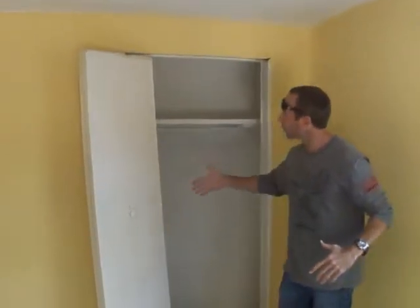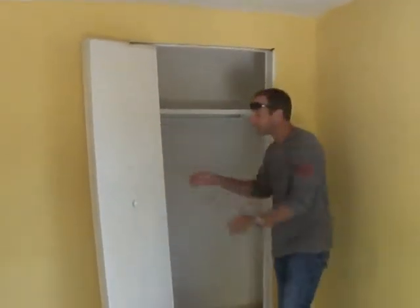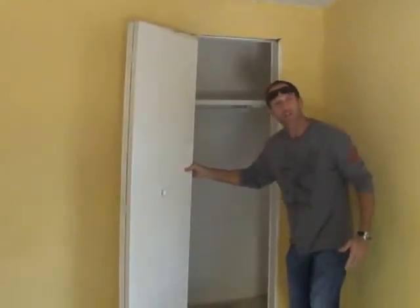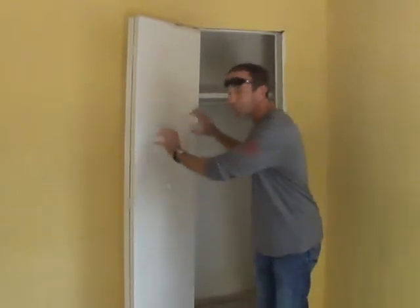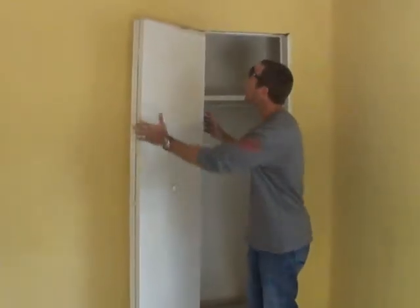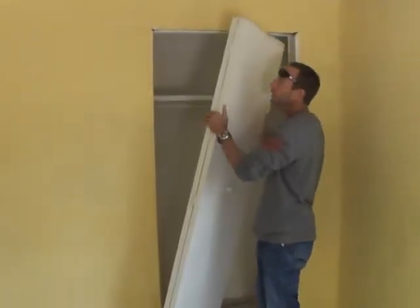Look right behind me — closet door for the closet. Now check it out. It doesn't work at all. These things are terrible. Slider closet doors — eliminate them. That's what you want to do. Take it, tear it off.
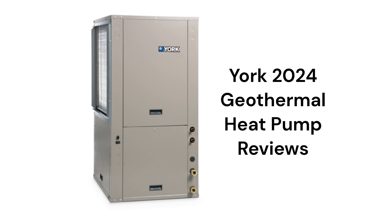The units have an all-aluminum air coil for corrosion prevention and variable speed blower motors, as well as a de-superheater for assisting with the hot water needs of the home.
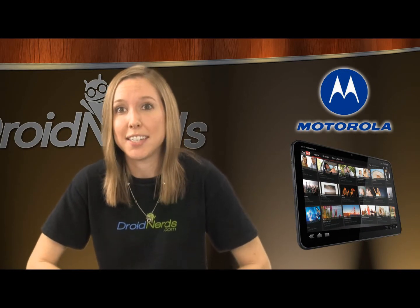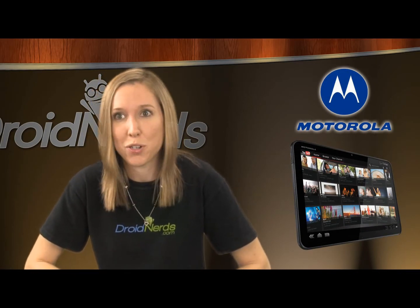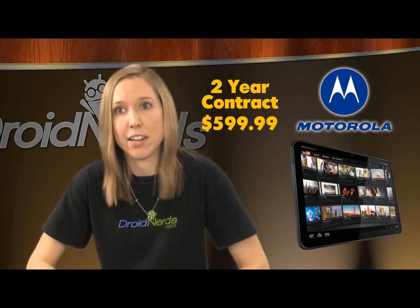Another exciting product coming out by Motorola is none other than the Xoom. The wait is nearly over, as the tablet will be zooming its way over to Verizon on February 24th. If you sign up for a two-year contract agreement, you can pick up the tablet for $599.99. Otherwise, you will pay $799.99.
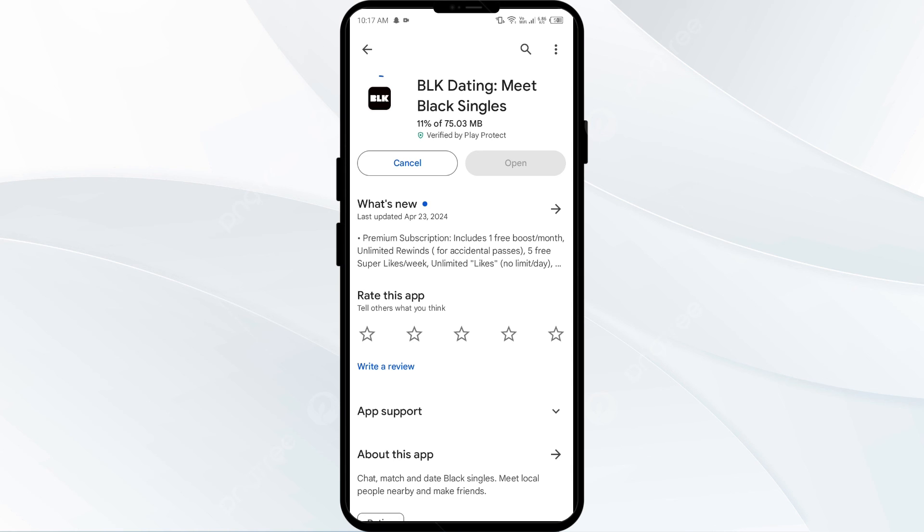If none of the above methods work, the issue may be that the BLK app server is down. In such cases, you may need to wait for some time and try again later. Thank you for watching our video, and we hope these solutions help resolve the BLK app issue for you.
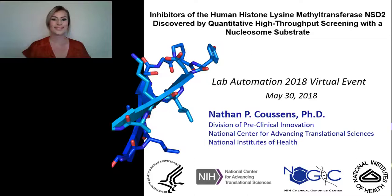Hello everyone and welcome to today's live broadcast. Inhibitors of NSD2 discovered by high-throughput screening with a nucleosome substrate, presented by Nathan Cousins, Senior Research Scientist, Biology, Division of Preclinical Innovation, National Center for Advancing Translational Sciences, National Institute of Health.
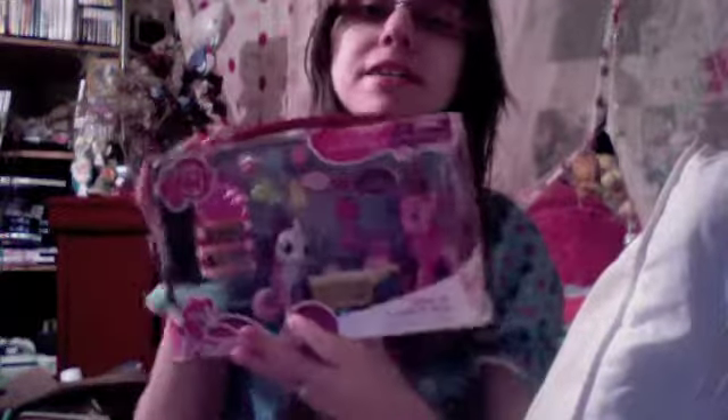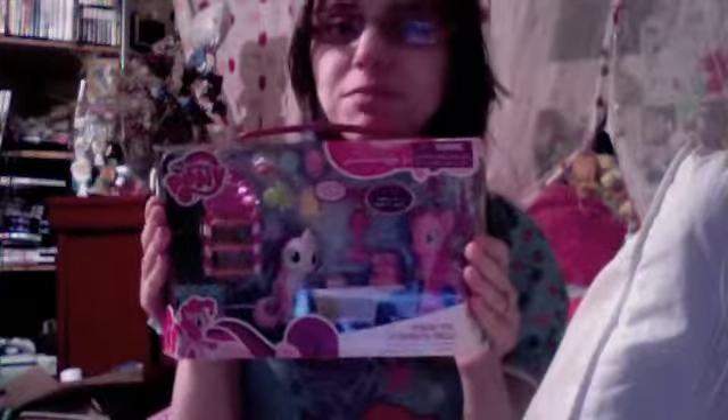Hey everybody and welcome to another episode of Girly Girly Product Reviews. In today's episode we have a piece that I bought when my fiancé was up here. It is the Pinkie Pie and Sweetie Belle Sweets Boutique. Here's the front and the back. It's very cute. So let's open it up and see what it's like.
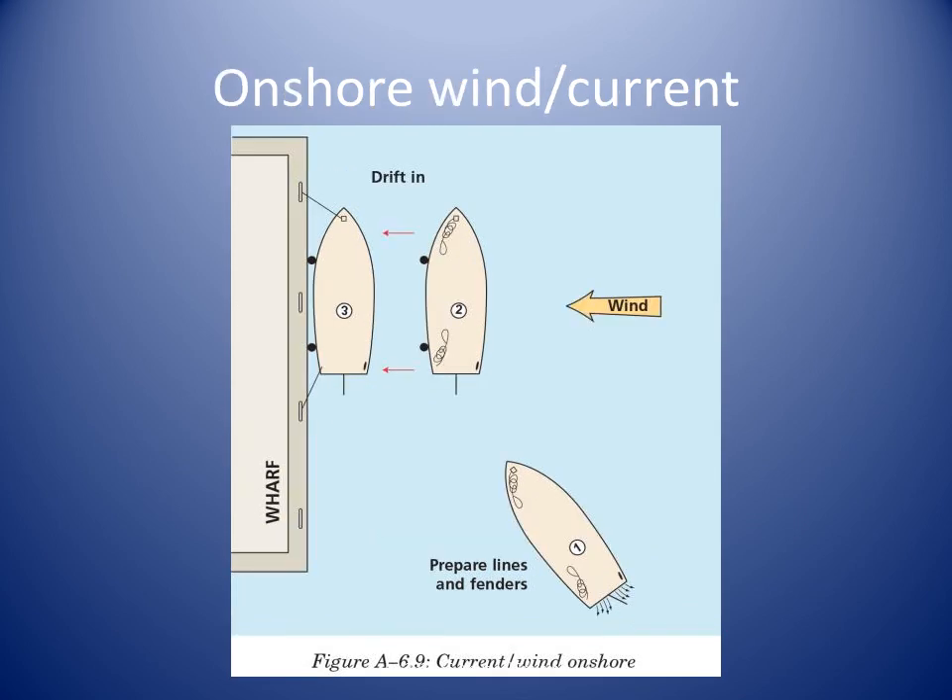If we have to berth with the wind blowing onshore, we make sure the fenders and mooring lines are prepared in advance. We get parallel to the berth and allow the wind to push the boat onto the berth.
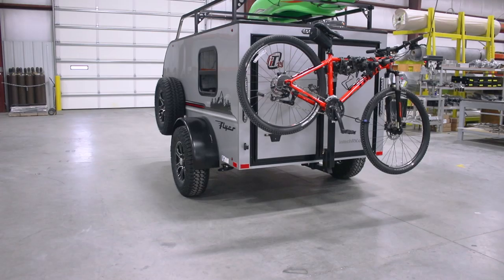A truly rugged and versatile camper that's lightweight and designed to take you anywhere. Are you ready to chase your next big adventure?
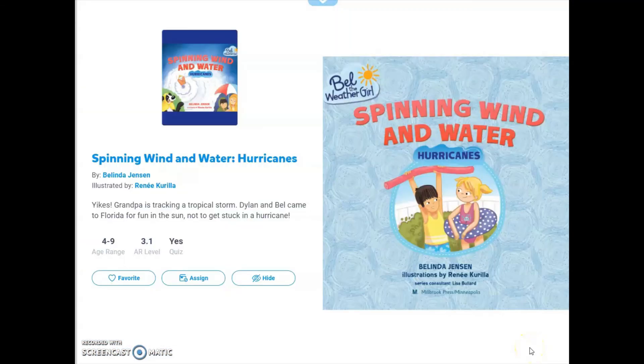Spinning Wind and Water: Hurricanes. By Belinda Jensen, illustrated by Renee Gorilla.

--------------------------------------------------

Work instructions
Every line from the one containing "If we have to" to the final line of the records must be transcribed exactly, both ends included, with the pictures left out.

Answer for this exercise
If we have to berth with the wind blowing onshore, we make sure the fenders and mooring lines are prepared in advance. We get parallel to the berth and allow the wind to push the boat onto the berth.
A truly rugged and versatile camper that's lightweight and designed to take you anywhere. Are you ready to chase your next big adventure?
Spinning Wind and Water: Hurricanes. By Belinda Jensen, illustrated by Renee Gorilla.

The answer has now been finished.